A imagem não se corrige com fake news, me parece. Aumentou o estoque, virou um relatório internacional que o Brasil que trouxe uma pedalada ambiental nesse relatório internacional e o Brasil vem aqui e corrige a direção. Ele fala, paramos, reconhecemos, colocamos na direção do mundo, isso é importante de observar, faz declaração de redução de emissões até 2050, mas não diz como faz isso e faz duas coisas inexplicadas.

Uma, é, corrige meta, na verdade ele fez uma aritmética, ele corrigiu a meta em função desse novo inventário, para ser a mesma  de 2015, a mesma, não mudou a missão, então fala que é 50%, na realidade fosse certo se fosse 51%, mas não mudou a emissão, não mudou a emissão.

Ele chega com a mesma entrega. E a segunda coisa que o Brasil faz, ele não estabelece meta pra 2025, então pode sugerir um processo aberto de desmatamento. Passa a impressão que está empurrando a conta para frente. E porque que faz isso? Por que oferece uma estratégia de redução de desmatamento linear. Não existe redução de desmatamento numa progressão linear. Em cada 15% eu reduzo.
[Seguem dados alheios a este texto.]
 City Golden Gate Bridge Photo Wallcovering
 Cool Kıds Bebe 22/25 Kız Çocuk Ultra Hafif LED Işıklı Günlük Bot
Isso é desconhecer completamente a realidade do desmatamento.

Por que se fosse assim seria mais fácil, mas não é assim. Então isso provocou uma grande desconfiança , vem provocando uma grande desconfiança dos números que o Brasil traz, e mesmo como é que vai fazer restauração florestal de 15 milhões, 18 milhões sem dizer como. Isso mostra a distância de um país que sempre dialogou com sua sociedade e sua democracia, para um país hoje que decide em gabinetes por parte  do empresariado sem dialogar com a realidade do país.

E sobre a redução de metano prometida? Diante do contexto atual, o Brasil consegue atingi-la?

O Brasil está discutindo concessões para ampliar participação do gás natural na matriz energética brasileira, para substituir velhos combustíveis fósseis mais pesados. Qual a estratégia? Como é que a energia vai lidar com isso? Na pecuária ninguém sabe como é que ele vai reduzir, inovação tecnológica… Olha! Quem financiou o laboratório de monitoramento de emissões da pecuária brasileira fomos nós. Na Amazônia, como é que você lida com mais de 50% da produção de gado da Amazônia do pequeno produtor que você não tem transparência no controle e da rastreabilidade desse pequeno produtor, que vem do desmatamento ou não vem do desmatamento.

A pecuária fora da Amazônia tem outra dimensão. Então, como é que isso chegou? Como é que faz o Brasil topar um acordo como esse, além da questão de resíduos sólidos. Me parece muito mais uma postura de topar para melhorar a imagem, estamos juntos, e a conta vem para o próximo governo que terá que colocar isso na realidade e mostrar como é que o governo vai fazer isso.

E não há capacidade política e nem técnica do atual governo brasileiro de dizer como é que se faz. O que eles entregam é retrocesso, eles não conseguem entregar num contexto de uma tradição climática e ter uma governança climática. Eles estão entregando contendo danos. Me parece muito  mais uma estratégia de conter os danos e tentar melhorar a imagem num curto prazo, sinalizar que o Brasil não vai ser um bloqueador, do que ser um Brasil que tinha nessa agenda um lugar de poder internacional. O Brasil perdeu o poder na agenda internacional, tá tentando fazer controle, vai deixar a conta pro próximo governo.